Through the darkness of a subterranean music bar, in the heart of Edinburgh’s New Town, glimmers a gem of theatrical history. Colleague of Vivien Leigh, rejecter of Elvis Presley and a woman whose show once outsold Liza Minnelli at Westchester Theatre; it is the extraordinary life of Broadway veteran Joan Shepard, and it is yours to hear for free.
‘I’ve never been in the movies!’ she exclaims, her raspy tones and timpani like intonations betraying her years of stage training. From this opening line to her final bow Joan Shepard is every inch the performer: witty, engaging and clearly revelling in what must now be the very familiar glow of the spotlight.
Using a combination of photographs, spoken word and musical interludes, she guides the audience through her unorthodox career; one peppered with a hearty dollop of drag and a particularly flexible birth date. It is a show filled with humour and joy that allows the audience to bask in the warmth of nostalgia for a more glamorous era. Her voice might not be what it once was, and her body is paying the price for a life on stage, but the backstage pass to Hollywood parties and theatrical rehearsals that this one woman show affords the audience is priceless.
I’d like to challenge the rather modest title of this piece and note ‘confessions’ is entirely the wrong word: a life so unusual should not be confessed, but rather exclaimed at every opportunity.
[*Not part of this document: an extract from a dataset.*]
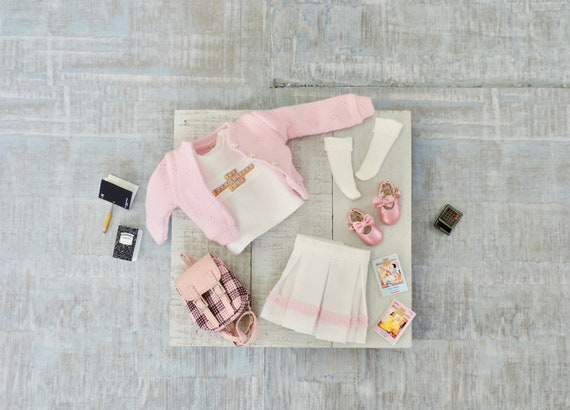 Back to School Preppy Girl Custom Blythe Outfit, Blythe tshirt, Blythe Shoes, Blythe Skirt, Blythe Socks, Pink Blythe, Blythe ABC's Shirt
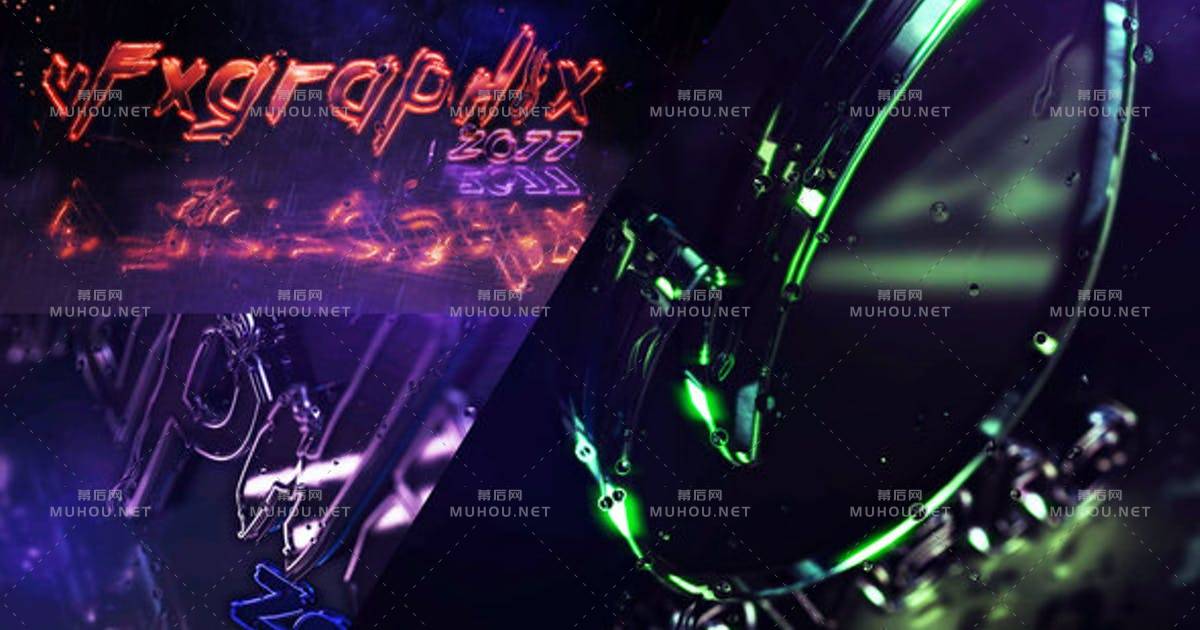 网络霓虹灯发光logo标志AE视频模板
I know if my life had been half as interesting, I would never shut up about it. Now in her seventieth year as a performer Ms Shepard shows no signs of stopping; her steely determination to keep working, combined with the obvious pleasure she still takes in performing, will ensure that this autobiographical gig isn’t the epilogue to her career. Her last line rings out across the room: “I’m going to be in Hansel and Gretal at Christmas, just try and stop me!” – I defy anyone to take up that challenge.